Two things are essential for a successful world missions offering, the pastor said. First, members have to ask God what he wants them to give. Second, they have to commit to give that amount no matter what.

Members do not make pledges, and the church’s goal is an independent amount.

“We have found, in my experience, that after you do this a year or two, it’s hard to keep up with the enthusiasm,” Haney said. “Our goals have a tendency to swell almost to the point of ridiculous for our size congregation. This year it’s a hugely challenging $130,000.”
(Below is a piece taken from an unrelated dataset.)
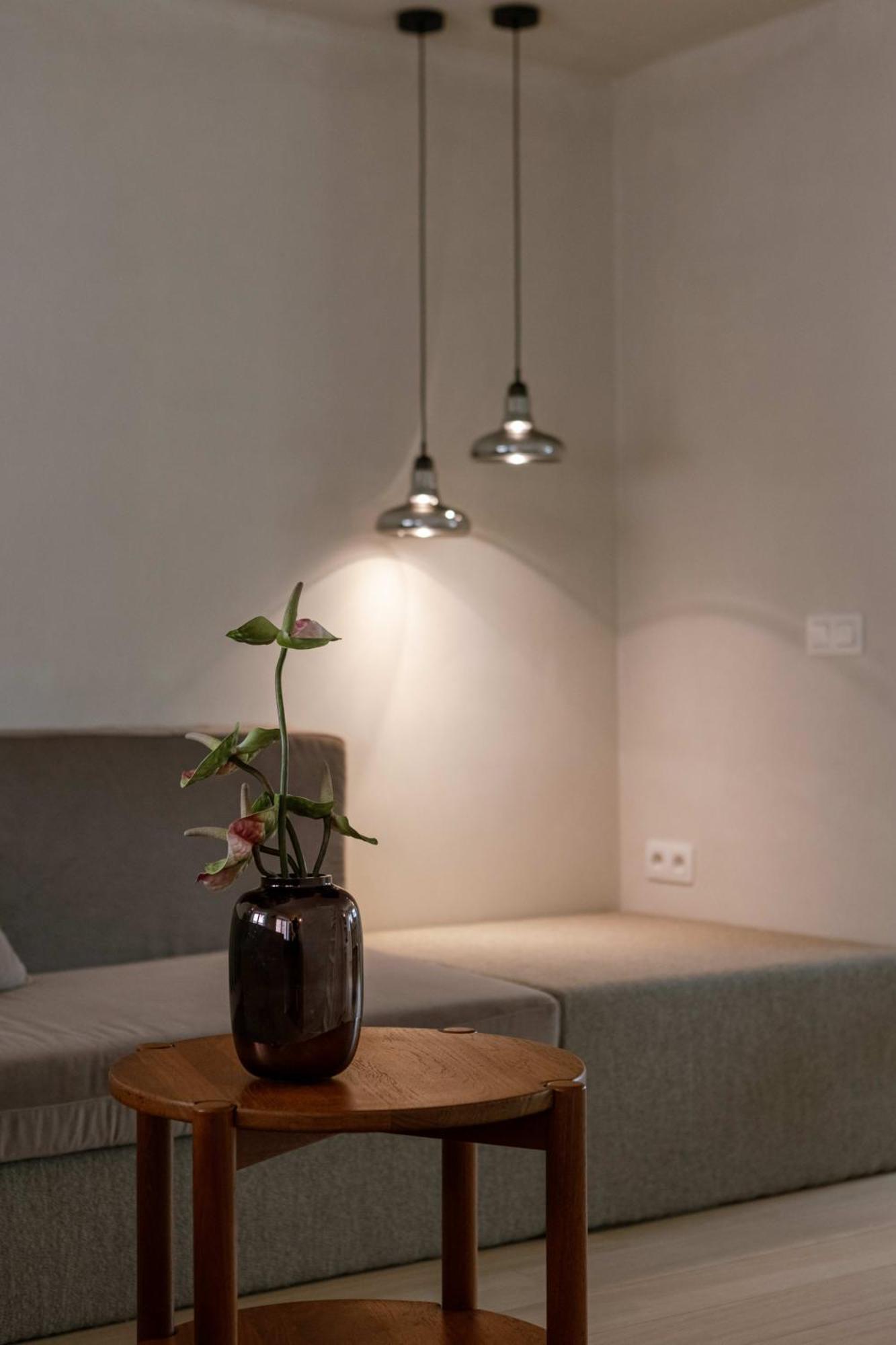 Apartament Huswell - Urban Getaway For Two In The Heart Of Antwerpia Zewnętrze zdjęcie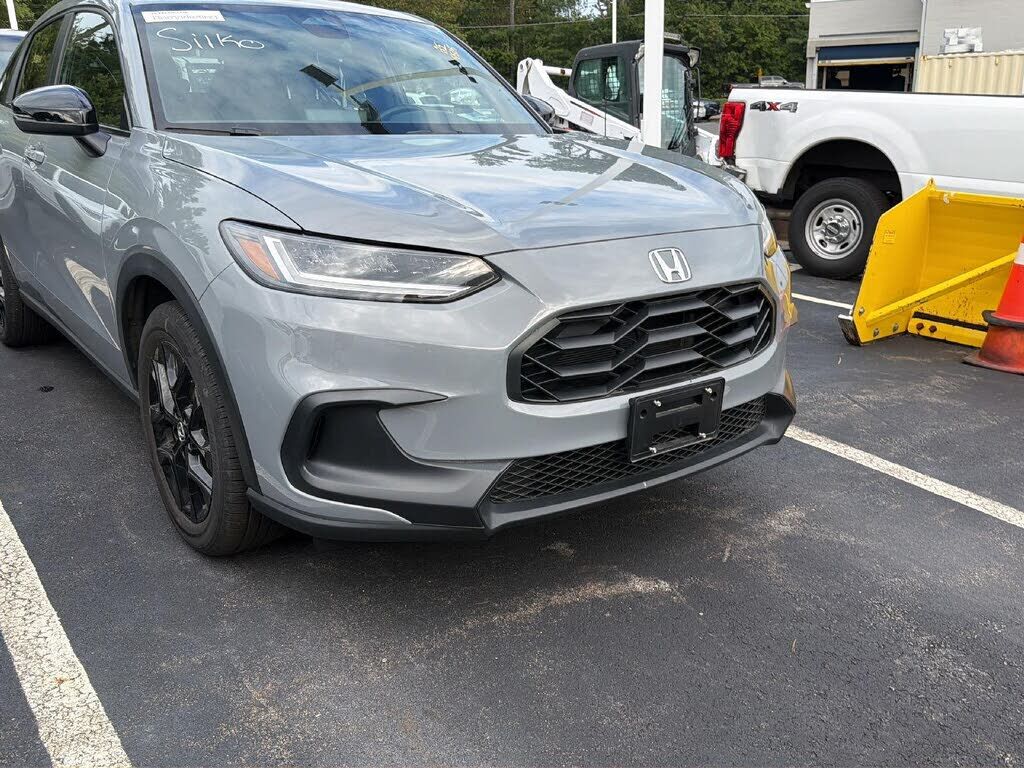 2025 HONDA HR-V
But when people listen to what God wants them to give and then commit to give it, “God grants miraculous provision in order to honor our commitment,” Haney said. “It takes initiative and desire and faith, and it’s a huge challenge, but when you put it out there, God blesses.”
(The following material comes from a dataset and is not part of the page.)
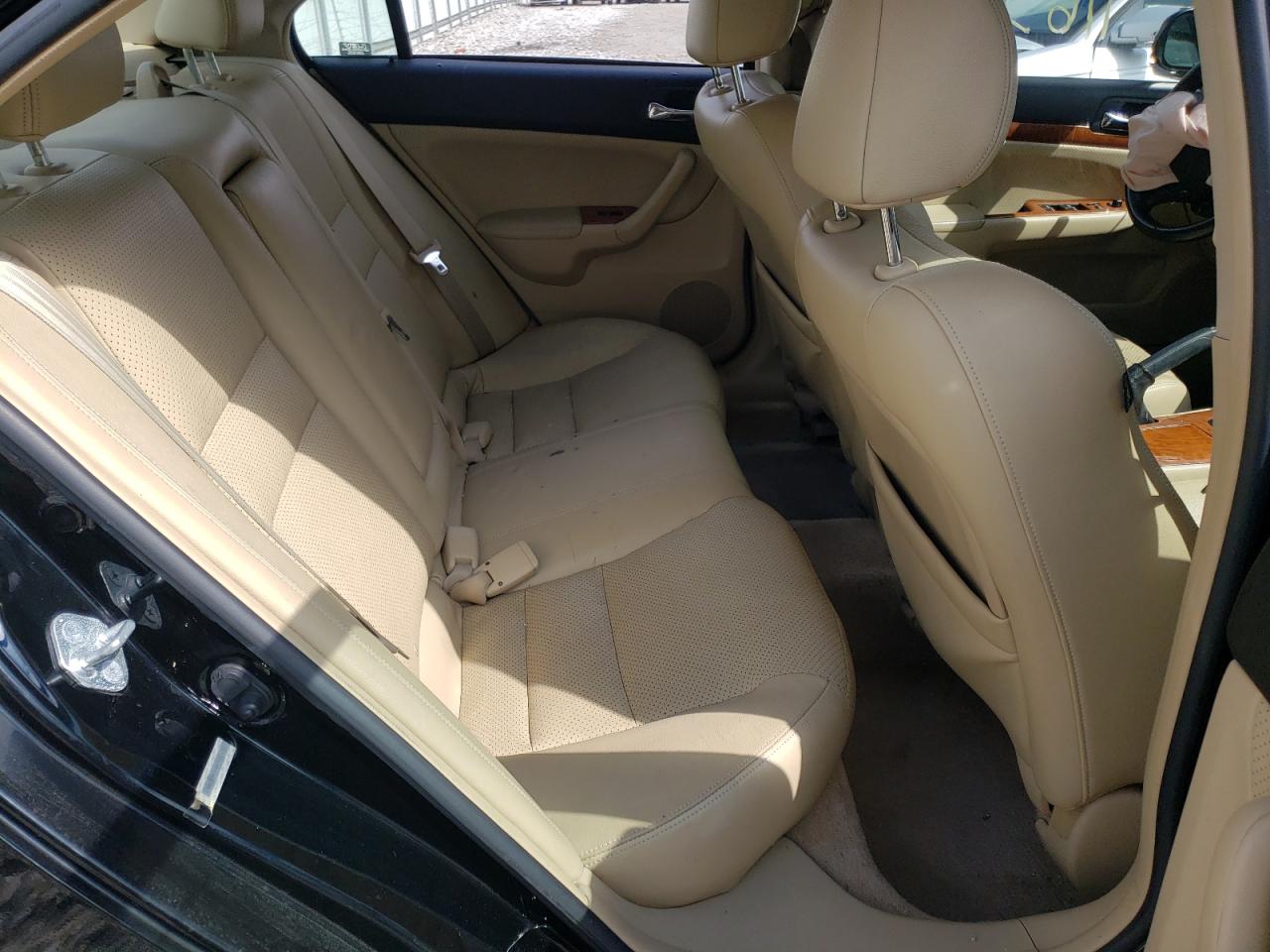 Photo 6 from auction – 2006 ACURA TSX with VIN JH4CL96836C013403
As one example, the pastor said Parkside member Betty Cabaniss told him how God two years in a row provided a bonus check for the precise amount she and her husband Wayne had set as their family goal for Parkside’s annual world missions offering.

Parkside responds generously to missions needs for two reasons, Haney said. He takes responsibility for making missions personal, and the congregation takes mission trips.

“I’ve always liked making missions personal,” Haney said. “[Missionaries] are real people who used to sit in pews like us and God called them and they said ‘yes.'”

He tells of the first missionary he met, a former band leader who was teaching trumpet in Liberia to build relationships to help start churches. He tells of a pastor in Brazil who requested new tires for his four-wheel-drive vehicle so he could drive into the Amazon and reach people for Christ.

The same week in August that 45 Parkside teenagers and their leaders were evangelistically knocking on doors in New Orleans and helping in Southern Baptists’ continuing recovery of that city from the effects of Hurricane Katrina, 85 members of the church’s construction team were in Kansas City, Mo., helping in the construction of a new chapel for Midwestern Baptist Theological Seminary?this out of a congregation where about 650 people participate in Sunday morning worship.

And for the third year in a row, in December a multifaceted missions team will journey to rural Nicaragua.

“When our people go on a missions trip, they see things God can use them to do in our own local mission field, which is right here where we live,” Haney said. “Our students were so excited about what they did in New Orleans that they said, ‘Hey, we want to do this here,’ and went out knocking on doors before prayer meeting their first Wednesday back, and led seven people to the Lord that night.

“It really affected our whole church,” the pastor said. “Thanks to our teenagers … we have a more serious and sober sense of the urgency of our own personal mission. We’re all on mission for Christ.”

That mission has to start in Denison and across the United States, Haney said.

“Our nation, which has historically been the great sending body for missions throughout the world, has gradually but steadily become a mission field. There’s no denying it,” the pastor said. “The lostness in our country, the depreciation of cultural morality?it’s heartbreaking to see what our country has become spiritually.

“We’re in great need of revival, and we don’t even know how desperate we are,” Haney added. “We are asleep, and I don’t know what it will take to awaken this nation to its spiritual despondency. For that reason, missions at home has become equally if not more urgent than missions around the world?because if we don’t have revival, then there won’t be anything left to give to the world, perhaps in a short time.

“I don’t think it’s too late,” the pastor said. “I think there’s an opportunity for us to see revival, but we’re going to have to really pray. It’s going to have to start in a church somewhere.”

A group of men at Parkside has been praying seven days a week for the past 18 months for God to send revival to America.

Even more personally, 18 months ago the church distributed pieces of chalk to members during a Sunday service?hundreds of pieces. They were asked to draw symbolic circles around themselves and “pray for God to revive what’s inside that circle to show revival has to be personal,” Haney said. “It’s not likely for revival to start in Hollywood or among politicians. God’s blueprint for revival starts in the church.”